Selective Content Loading
One of the techniques we talk about in Jump Start Responsive Web Design is called Selective Content Loading (SCL). This technique is really useful in situations where you want to load small pieces of data into an already loaded page in a structured way. When would this be useful?
- When you have serious bandwidth issues between your server and the end user’s device (for example, on a mobile connection that is moving on a poor network with lots of errors and having to deal with cell handoff).
- When your pages are largely the same structurally from page to page and simply reloading the content saves many requests.
- If you have chunked your content nicely and want to simply load in the next piece in the sequence (for example, infinite scrolling on a Twitter feed)
Some of these issues can be dealt with by good caching and using local storage and these should definitely be explored as good practices generally. However, even with smart asset caching you still require server round trips to retrieve a document, all the page HTML still has to be sent to the browser and then the browser still has to render the page.
If your page has only added a couple of additional bits of data (for example, a tweet) or is only changing a small amount of content (for example, the details for a product) then SCL may be a good option for you. This doesn’t work in every circumstance and it also causes a number of possible issues with URLs, browser history and what content gets spidered on a “page” by search engines (if this important to you).
Recapping our approach from Jump Start RWD, this is what we’re going to do conceptually:
- On the first page request we’ll load up all of the page content including the site navigation, content layout, CSS and JS files as normal.

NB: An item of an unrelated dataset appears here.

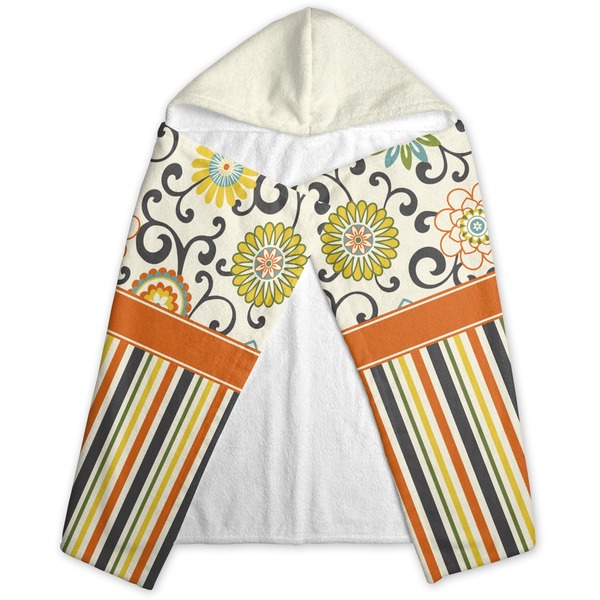 Swirls, Floral & Stripes Hooded Towel - Folded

- After the page has loaded we’ll override all of the links in our page to make them XHRs rather than a standard request for a document.

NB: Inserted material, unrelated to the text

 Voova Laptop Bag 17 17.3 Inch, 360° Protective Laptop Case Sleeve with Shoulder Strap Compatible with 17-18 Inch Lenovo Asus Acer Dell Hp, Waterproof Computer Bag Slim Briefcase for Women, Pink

- We’ll then process the response (the XHR response will only be the internal page content in JSON rather than the entire page) and overwrite the content that was in the page.
-
We can then use
pushState()to modify our browser history (so the URL updates to something shareable and we can go backwards if needs be).
Here’s an example that should illustrate the point simply. The content has been truncated purposefully in order to keep this concise.
We’re going to set up a page that can load content about books without having to reload the entire page, just the pertinent content. We’ll also use pushState() from the History API to ensure that if the user wants to share or come back to the URL they’ll be able to do so.
To make things simple to express, we’re going to use jQuery for the DOM manipulation and a JavaScript templating library called Handlebars.js. If you haven’t checked out JavaScript templating options and what they can do, Handlebars is an excellent choice to get your feet wet.
The core of our solution relies on the fact that URLs can respond differently depending on whether they are an XHR or a normal HTTP request. If the server gets a normal request then the view will deliver the full HTTP response (containing all the document and then the JS, CSS etc). If the server gets an XHR, it will respond with JSON which only contains data about the book requested.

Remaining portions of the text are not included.